Numa análise “literal e teleológica do regime da greve previsto no Código do Trabalho”, refere, “sou do entendimento que nos termos do art.º 539 do citado diploma legal, sendo a greve decretada por tempo indeterminado, e porque não existe acordo entre as partes, nem tão pouco, declaração inequívoca e perentória da entidade sindical que a promoveu que a mesma terminou, que a mesma possa licitamente ser suspensa, sem necessidade de posterior e nova promoção de outra greve, com o pré-aviso legal que seria aplicável de 10 dias úteis”.

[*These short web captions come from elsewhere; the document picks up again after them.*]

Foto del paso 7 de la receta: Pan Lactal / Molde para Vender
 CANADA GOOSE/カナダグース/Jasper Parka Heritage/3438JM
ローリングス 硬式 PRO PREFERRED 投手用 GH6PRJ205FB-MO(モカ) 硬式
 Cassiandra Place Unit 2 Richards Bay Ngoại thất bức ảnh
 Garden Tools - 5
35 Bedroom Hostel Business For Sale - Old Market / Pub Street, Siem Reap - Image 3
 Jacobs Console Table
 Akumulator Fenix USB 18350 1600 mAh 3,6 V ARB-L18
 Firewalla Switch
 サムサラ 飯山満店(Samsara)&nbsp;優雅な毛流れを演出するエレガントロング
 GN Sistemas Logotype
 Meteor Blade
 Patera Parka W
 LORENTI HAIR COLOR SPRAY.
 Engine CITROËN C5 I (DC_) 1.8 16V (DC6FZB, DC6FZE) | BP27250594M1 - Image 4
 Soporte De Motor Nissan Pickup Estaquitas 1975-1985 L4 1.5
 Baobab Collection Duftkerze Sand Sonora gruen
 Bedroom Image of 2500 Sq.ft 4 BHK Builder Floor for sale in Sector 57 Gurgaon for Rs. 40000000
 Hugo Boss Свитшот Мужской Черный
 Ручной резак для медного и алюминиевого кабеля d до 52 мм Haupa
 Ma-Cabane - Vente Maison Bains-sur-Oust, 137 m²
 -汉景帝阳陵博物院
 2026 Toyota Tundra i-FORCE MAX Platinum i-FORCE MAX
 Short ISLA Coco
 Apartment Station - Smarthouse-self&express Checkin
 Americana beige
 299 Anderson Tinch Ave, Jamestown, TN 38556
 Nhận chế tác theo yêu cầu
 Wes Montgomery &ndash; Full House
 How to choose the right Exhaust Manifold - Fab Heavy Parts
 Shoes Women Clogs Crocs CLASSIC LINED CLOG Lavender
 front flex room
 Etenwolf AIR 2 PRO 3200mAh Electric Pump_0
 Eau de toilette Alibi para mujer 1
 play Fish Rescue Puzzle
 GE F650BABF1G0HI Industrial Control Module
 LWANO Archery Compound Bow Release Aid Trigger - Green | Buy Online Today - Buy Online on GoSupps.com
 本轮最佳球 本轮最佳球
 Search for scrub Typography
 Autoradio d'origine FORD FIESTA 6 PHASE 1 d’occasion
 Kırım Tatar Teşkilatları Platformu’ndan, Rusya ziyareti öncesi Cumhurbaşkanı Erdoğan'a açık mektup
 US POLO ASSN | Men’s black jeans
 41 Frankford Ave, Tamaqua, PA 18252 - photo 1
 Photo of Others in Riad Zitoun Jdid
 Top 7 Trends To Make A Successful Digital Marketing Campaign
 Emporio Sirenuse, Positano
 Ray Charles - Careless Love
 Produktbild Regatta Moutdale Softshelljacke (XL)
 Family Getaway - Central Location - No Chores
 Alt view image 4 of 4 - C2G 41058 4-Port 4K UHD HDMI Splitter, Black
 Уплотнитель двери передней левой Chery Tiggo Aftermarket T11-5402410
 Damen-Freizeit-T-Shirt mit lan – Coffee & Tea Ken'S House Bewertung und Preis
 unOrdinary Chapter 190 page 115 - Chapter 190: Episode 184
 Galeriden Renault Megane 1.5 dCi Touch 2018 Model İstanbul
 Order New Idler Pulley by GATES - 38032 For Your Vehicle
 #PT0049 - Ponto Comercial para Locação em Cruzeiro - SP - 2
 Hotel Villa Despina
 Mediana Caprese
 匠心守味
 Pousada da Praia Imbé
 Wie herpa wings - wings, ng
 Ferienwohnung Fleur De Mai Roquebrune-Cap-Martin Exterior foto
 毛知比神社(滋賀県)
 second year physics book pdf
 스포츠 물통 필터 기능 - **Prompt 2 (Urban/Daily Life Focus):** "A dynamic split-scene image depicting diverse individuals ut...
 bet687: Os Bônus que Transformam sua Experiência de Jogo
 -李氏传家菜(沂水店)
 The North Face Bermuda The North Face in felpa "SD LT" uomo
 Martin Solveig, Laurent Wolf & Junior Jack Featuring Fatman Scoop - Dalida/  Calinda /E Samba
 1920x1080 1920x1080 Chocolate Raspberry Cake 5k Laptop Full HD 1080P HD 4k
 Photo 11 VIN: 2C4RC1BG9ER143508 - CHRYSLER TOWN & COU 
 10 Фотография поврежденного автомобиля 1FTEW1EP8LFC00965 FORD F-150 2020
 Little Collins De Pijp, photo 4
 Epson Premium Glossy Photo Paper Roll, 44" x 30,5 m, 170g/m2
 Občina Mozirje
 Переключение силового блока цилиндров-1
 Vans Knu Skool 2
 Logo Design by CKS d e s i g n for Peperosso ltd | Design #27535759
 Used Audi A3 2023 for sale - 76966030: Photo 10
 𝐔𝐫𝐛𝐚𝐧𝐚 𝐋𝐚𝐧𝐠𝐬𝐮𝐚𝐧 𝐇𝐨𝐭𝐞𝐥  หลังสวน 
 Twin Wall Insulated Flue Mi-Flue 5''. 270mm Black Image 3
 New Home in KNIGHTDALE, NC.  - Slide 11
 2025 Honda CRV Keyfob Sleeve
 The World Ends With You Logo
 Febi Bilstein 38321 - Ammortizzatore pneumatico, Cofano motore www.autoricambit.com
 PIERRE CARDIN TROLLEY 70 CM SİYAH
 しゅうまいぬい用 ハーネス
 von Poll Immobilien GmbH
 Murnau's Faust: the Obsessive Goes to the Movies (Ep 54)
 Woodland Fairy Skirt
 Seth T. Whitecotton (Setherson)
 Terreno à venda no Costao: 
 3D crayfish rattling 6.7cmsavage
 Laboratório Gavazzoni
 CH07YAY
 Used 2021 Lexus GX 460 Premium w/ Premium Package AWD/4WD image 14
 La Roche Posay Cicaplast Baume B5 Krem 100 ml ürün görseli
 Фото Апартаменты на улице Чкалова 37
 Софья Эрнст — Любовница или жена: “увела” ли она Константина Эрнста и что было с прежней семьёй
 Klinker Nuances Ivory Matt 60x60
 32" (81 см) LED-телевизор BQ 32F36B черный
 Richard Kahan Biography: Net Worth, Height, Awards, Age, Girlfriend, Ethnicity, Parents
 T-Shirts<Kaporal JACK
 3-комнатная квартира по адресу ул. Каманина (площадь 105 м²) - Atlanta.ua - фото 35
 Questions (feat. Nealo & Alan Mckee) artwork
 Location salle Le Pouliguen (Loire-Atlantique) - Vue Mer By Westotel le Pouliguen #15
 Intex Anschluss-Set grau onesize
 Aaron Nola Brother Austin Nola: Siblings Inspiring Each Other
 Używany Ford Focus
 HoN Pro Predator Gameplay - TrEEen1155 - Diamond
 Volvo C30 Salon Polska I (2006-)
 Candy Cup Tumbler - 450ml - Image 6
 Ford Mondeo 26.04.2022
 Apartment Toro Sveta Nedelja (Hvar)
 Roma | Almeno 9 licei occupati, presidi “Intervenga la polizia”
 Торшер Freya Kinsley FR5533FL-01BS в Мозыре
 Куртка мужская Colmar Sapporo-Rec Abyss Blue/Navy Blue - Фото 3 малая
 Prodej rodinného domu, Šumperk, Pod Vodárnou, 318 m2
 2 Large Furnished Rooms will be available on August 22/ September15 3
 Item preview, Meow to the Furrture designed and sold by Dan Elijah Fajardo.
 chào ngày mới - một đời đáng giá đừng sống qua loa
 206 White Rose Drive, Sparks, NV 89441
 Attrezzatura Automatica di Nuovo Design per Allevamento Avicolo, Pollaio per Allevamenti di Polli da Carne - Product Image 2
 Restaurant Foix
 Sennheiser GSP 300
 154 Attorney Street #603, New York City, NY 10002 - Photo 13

Ou seja, e para que fique claro: “O SNMMP não deliberou o termo da greve, mas apenas a sua suspensão”, remata o sócio da Antas da Cunha ECIJA. E sendo a paralisação suspensa, não está em causa nenhum dos instrumentos que cessam uma greve tal como previstos no CT — acordo, termo declarado por quem a convocou e fim de período previsto — e, logo, não está em causa o fim da greve, pelo que exigir um novo pré-aviso “retiraria o efeito útil da presente”, diz.
Todavia, e “sem prejuízo” do seu entendimento, o especialista assume que “esta questão pode levantar mais uma vez, dúvidas juslaborais, fundadas e legítimas sobre a legalidade e efeitos da suspensão desta greve”.
Para Isabel Araújo da Costa, um ponto-chave na leitura legal desta suspensão prende-se com o facto da mesma, ao contrário da greve, ser decretada por tempo determinado — até domingo.
“A figura da suspensão vem aqui intervalar um ato – o aviso prévio de greve – que é único e que foi declarado através dos meios idóneos previstos na lei e dirigido às entidades competentes. Ora, sabem já os portugueses que a greve ficará suspensa até domingo, logo se não for alcançado um acordo até esse dia, a mesma deverá ser retomada a partir de segunda-feira por tempo indeterminado, conforme foi inicialmente declarada”, diz a sócia da Vieira Advogados ao ECO. Mas tal como Pedro da Quitéria Faria, a especialista levanta uma outra questão.
“O que poderá estar em causa e poderá levantar discussão – sem nunca colocar em causa o irrenunciável e incontestável direito à greve – é a questão de saber até que ponto pode uma greve manter-se quase ‘ad eternum’, em prejuízo de vários setores da sociedade“, questiona.
Também Luís Gonçalves Silva, outro especialista em Direito Laboral ouvido pelo ECO, sublinhou que a figura da suspensão de uma greve não está prevista na lei. Salientando desconhecer os contornos específicos da decisão tomada pelo SNMMP, o advogado explicou que uma greve suspensa apenas pode ser retomada sem aviso prévio, se essa data for conhecida à partida — ou seja, o domingo anunciado pelo SNMMP.